Saved entries:
----------
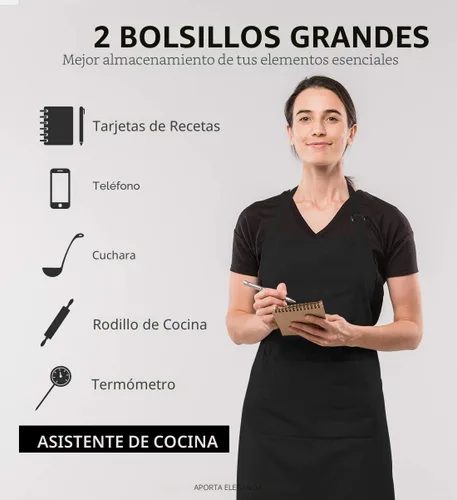 Vista 3 de Syntus 4 Pack Adjustable Bib Apron with 2 Pockets Cooking Kitchen Aprons for Women Men Chef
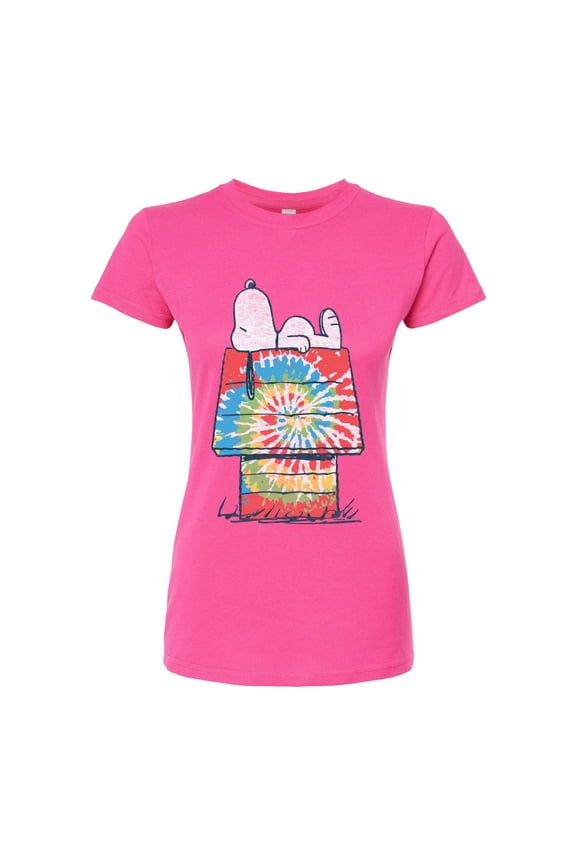 - Snoopy Tie Dye House - Juniors Fitted Tee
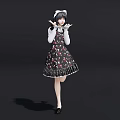 Woman Wearing Floral Dress With White Hat Lifting One Leg Gesturing Hand On Black Background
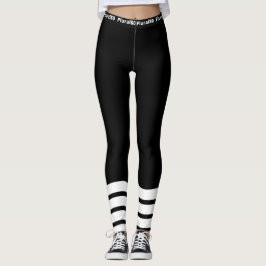 Stijlvol zwart wit werkuiteinde leggings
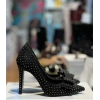 Siyah Süet Taşlı Fiyonk Stiletto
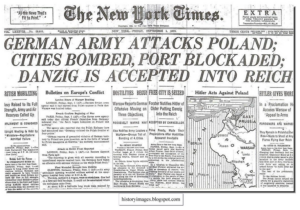 La invasión germana de Polonia el 1 de Septiembre de 1939 fue el inicio de la Primera Guerra Mundial.  La superioridad numérica y táctica de los alemanes (guerra relámpago o blitzkrieg)  fue tan evidente, que las tropas polacas se rindieron al mes siguiente.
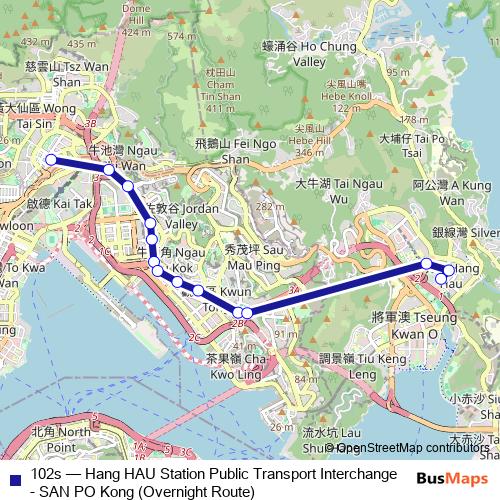 102s bus Line Map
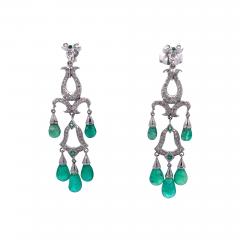 Emerald Diamond Chandelier Drop Earrings 14K - 3508308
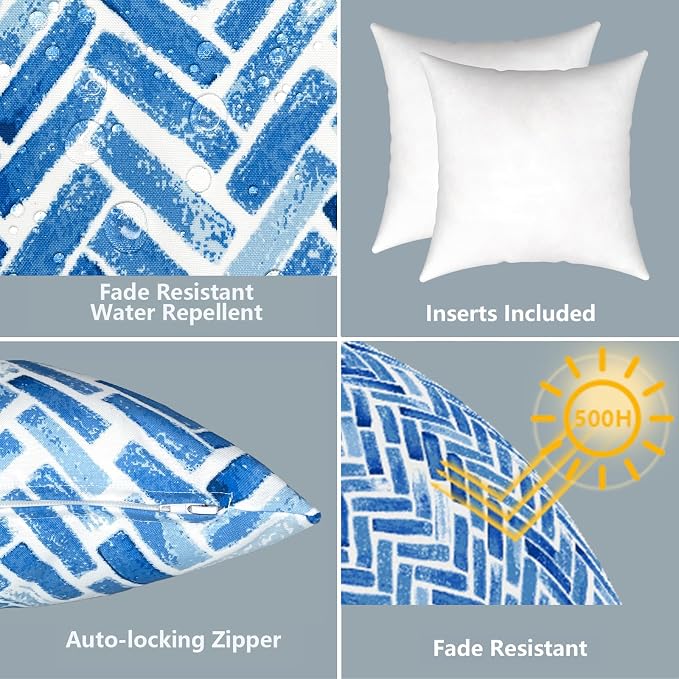 LVTXIII Outdoor Throw Pillows, Decorative Throw Pillows with Inserts, 20"x20" Square Pillows for Bed, Couch, Sofa and Patio Furniture, Set of 2, Blue Bricks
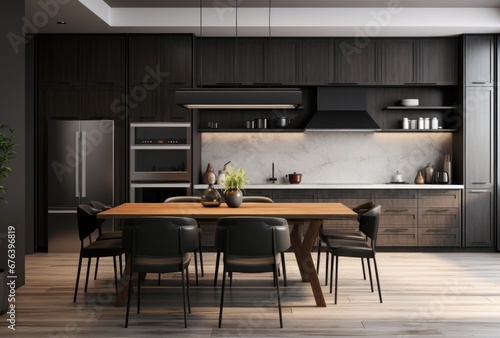 3D rendering of a contemporary dark gray kitchen with white wood backsplash. Table with chairs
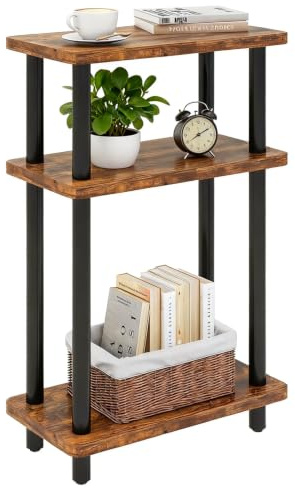 IBUYKE Table d'appoint Etroite,Bout de Canapé à 3 Niveaux,Marron WST009H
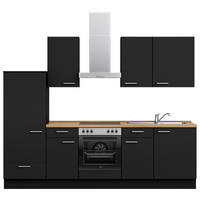 KÜCHENLEERBLOCK 270 cm   in Schwarz, Eichefarben  - Edelstahlfarben/Eichefarben, MODERN, Holzwerkstoff/Metall (270cm) - Nobilia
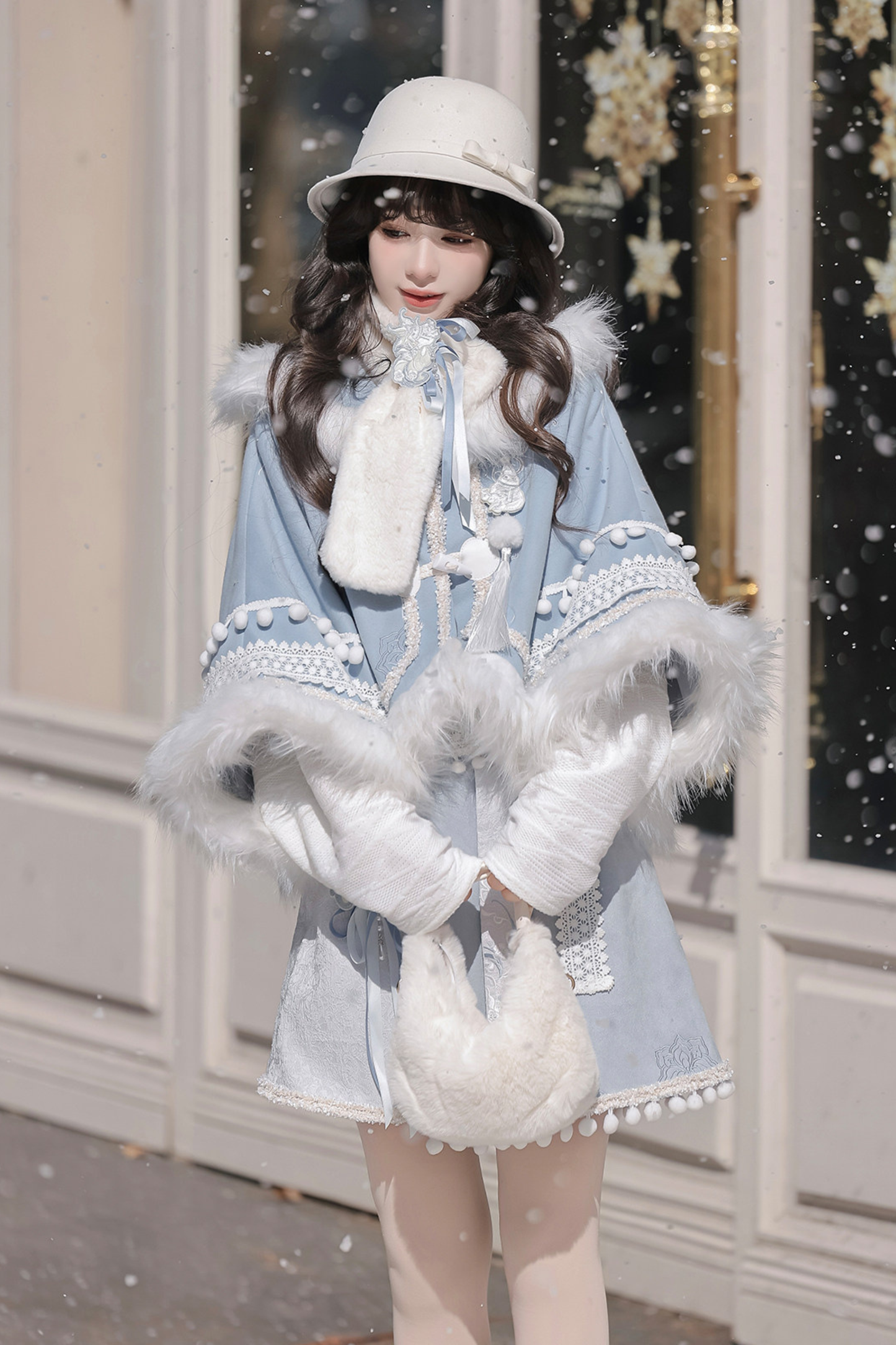 China Snow Lolita Jacket + Top + Skirt + Scarf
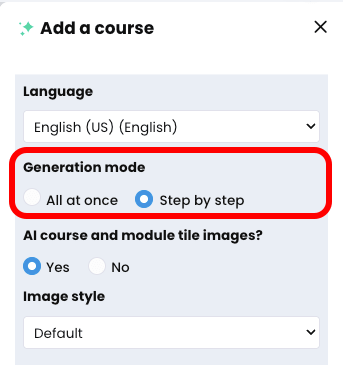 CYPHER Agent menu, General tab with Generation mode highlighted and Step by step selected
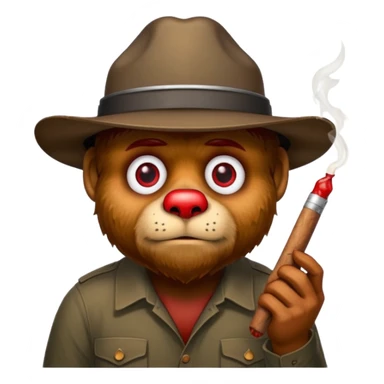 Smokey the bear with blooshot eyes holding a joint sticker
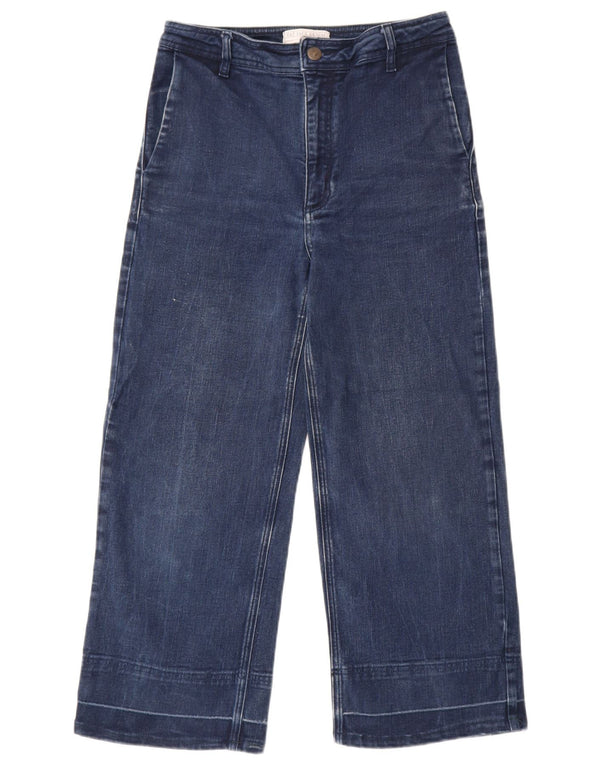 Vaqueros recortados de pierna ancha para mujer de Fat Face UK 10 Small W30 L24 Azul marino Algodón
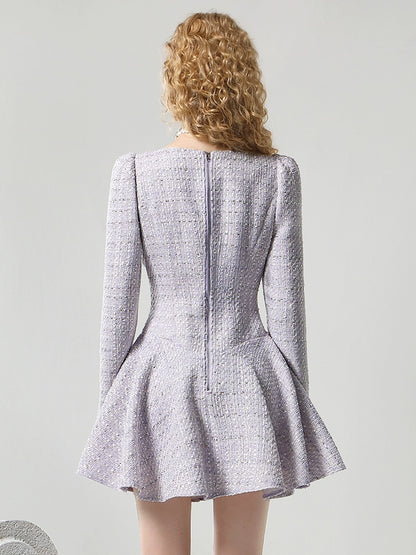 CHECOCRE Stubble Temperament Elegant Style Purple Short Dress - KEYLITH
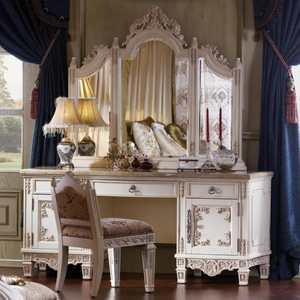 Juego de Dormitorio King con Dosel de Estilo Francés de Lujo, Madera de Caoba Sólida Tallada a Mano, Tapizado en Blanco y Dorado, Muebles de Hotel, Cama de Palacio - Product Image 4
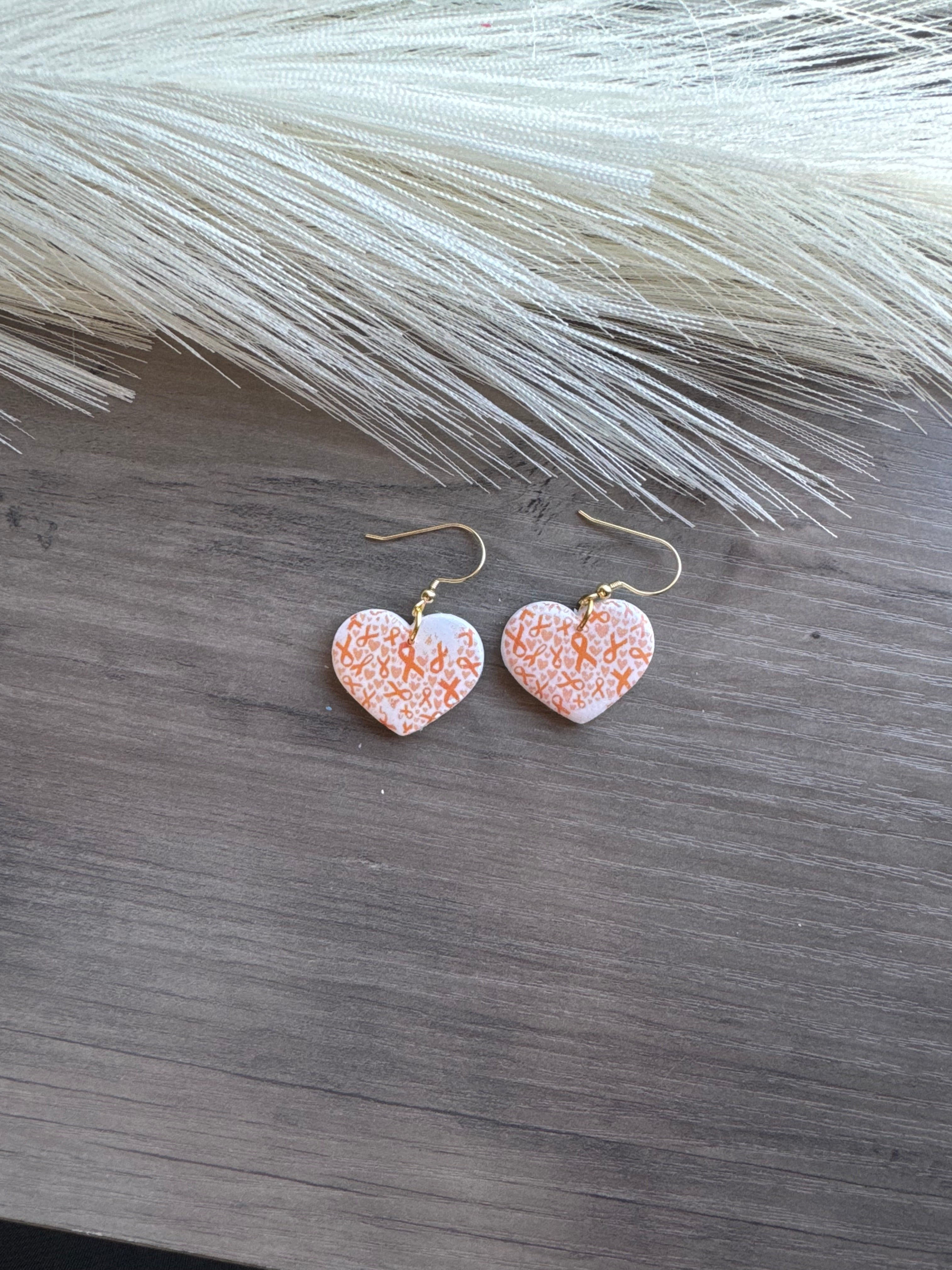 Orange Ribbon Earrings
----------
Work instructions: Return, exactly as they stand, the lines above from the one with "IBUYKE Table d'appoint" to the one with "Smokey the bear", omitting any pictures among them.

Solution for this exercise:
 IBUYKE Table d'appoint Etroite,Bout de Canapé à 3 Niveaux,Marron WST009H
 KÜCHENLEERBLOCK 270 cm   in Schwarz, Eichefarben  - Edelstahlfarben/Eichefarben, MODERN, Holzwerkstoff/Metall (270cm) - Nobilia
 China Snow Lolita Jacket + Top + Skirt + Scarf
 CYPHER Agent menu, General tab with Generation mode highlighted and Step by step selected
 Smokey the bear with blooshot eyes holding a joint sticker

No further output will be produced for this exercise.